Somewhere in between are the humanists who will point out the irrationality of the God of Love seeking to punish – torture actually – unbelievers for their lack of faith. So, where do we begin with this subject?
Let’s start with the atheists.
Amongst the atheists, we have those who wish to invoke science to support their own beliefs that heaven and hell do not exist. They will argue that there is no hard evidence for the existence of these places – that’s true, of course. But, there is also no hard evidence for the existence of the ‘multiverse’ and yet, many scientists believe its existence to be a strong possibility.
In both of these cases – the religious heaven and hell and the multiverse theory – we are contemplating the possibility of dimensions of existence outside our own four-dimensional spacetime. As they say, what’s good for the goose is good for the gander. In other words, you cannot have it both ways: if you think that the multiverse is a possibility, then you must also accept that the existence of heaven and hell is also a possibility.

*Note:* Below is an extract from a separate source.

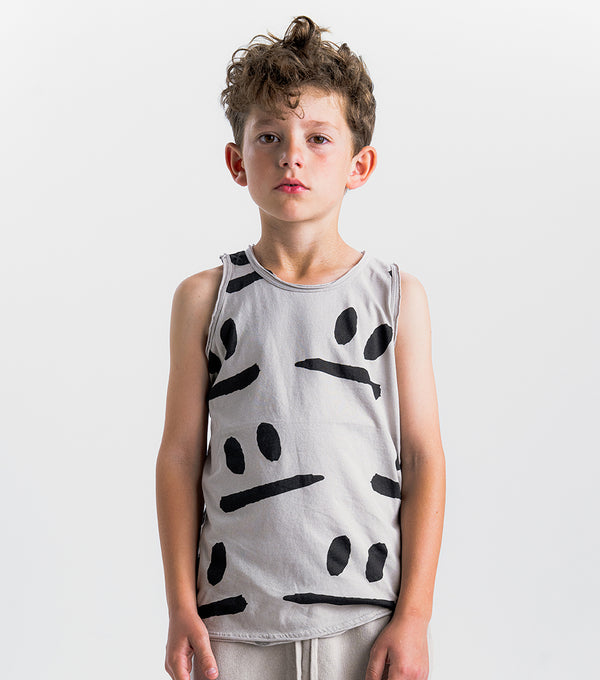 Nununu Smirks Tank Top Smokey Grey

Now let’s turn to the Christians.
It is not the existence, or otherwise, of heaven and hell that is the main issue for many non-Christians; it is the dogmatic stance that insists on the literal interpretation of The Bible. If such Christians were to understand that this is an error, they would simultaneously liberate themselves from many of the difficulties they face in taking the more important part of their message to the world.
In the past, I have pointed out why the literal interpretation of The Bible is an error. But, for the sake of fluidity in this article, I will allow myself to repeat my main argument here. Essentially, when Jesus tell his disciples to pluck out an eye or cut off a hand, for example, is he expecting people to take his words literally?

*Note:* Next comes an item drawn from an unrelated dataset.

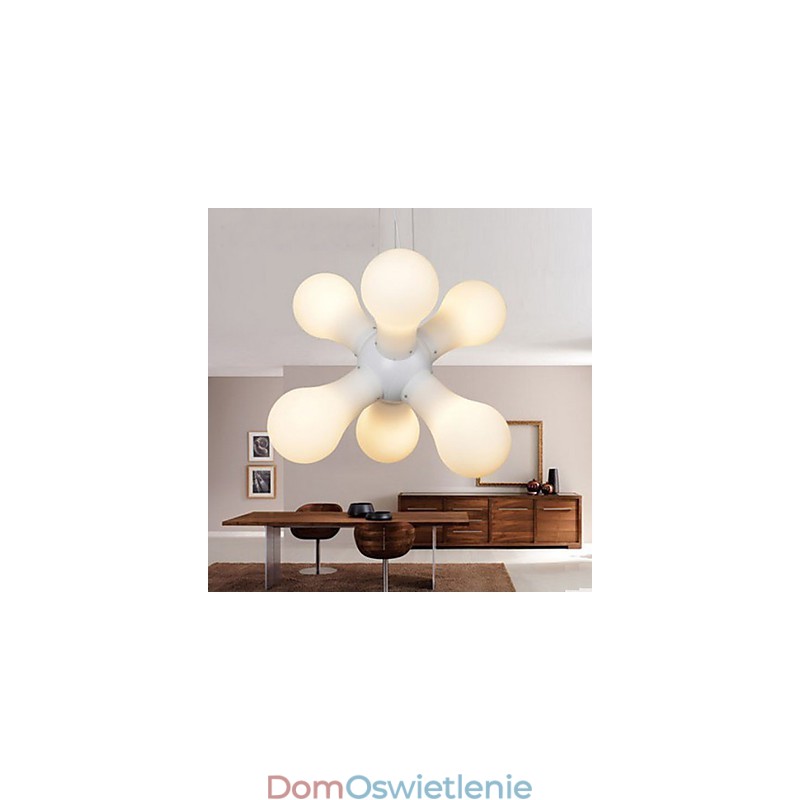Prosta szklana lampa wisząca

“You have heard that it was said to those of old, ‘You shall not commit adultery.’ But I say to you that whoever looks at a woman to lust for her has already committed adultery with her in his heart.
If your right eye causes you to sin, pluck it out and cast it from you; for it is more profitable for you that one of your members perish, than for your whole body to be cast into hell.
And if your right hand causes you to sin, cut it off and cast it from you; for it is more profitable for you that one of your members perish, than for your whole body to be cast into hell. – Matthew 5:27-30
You know, just like the atheists, you cannot have it both ways. Either The Bible is meant to be taken literally or it is not. Perhaps, one day, when I meet a Christian with one hand and a patch over his eye, I will have found someone who genuinely does take what The Bible says completely literally. Until then, I will console myself with the knowledge that, despite what many people say, they don’t really believe that every single word in The Bible is meant to be taken literally.
Having made that point – and I do hope some Christians will open their minds to the importance of it – it makes all the difference when you read The Bible because, now you have to deal with not just what it says, but also, what it means. Getting back to the subject of hell, and taking our rational minds with us, we now have to think about what phrases such as ‘eternal destruction’ might actually mean and such deliberation is nothing but good for the soul.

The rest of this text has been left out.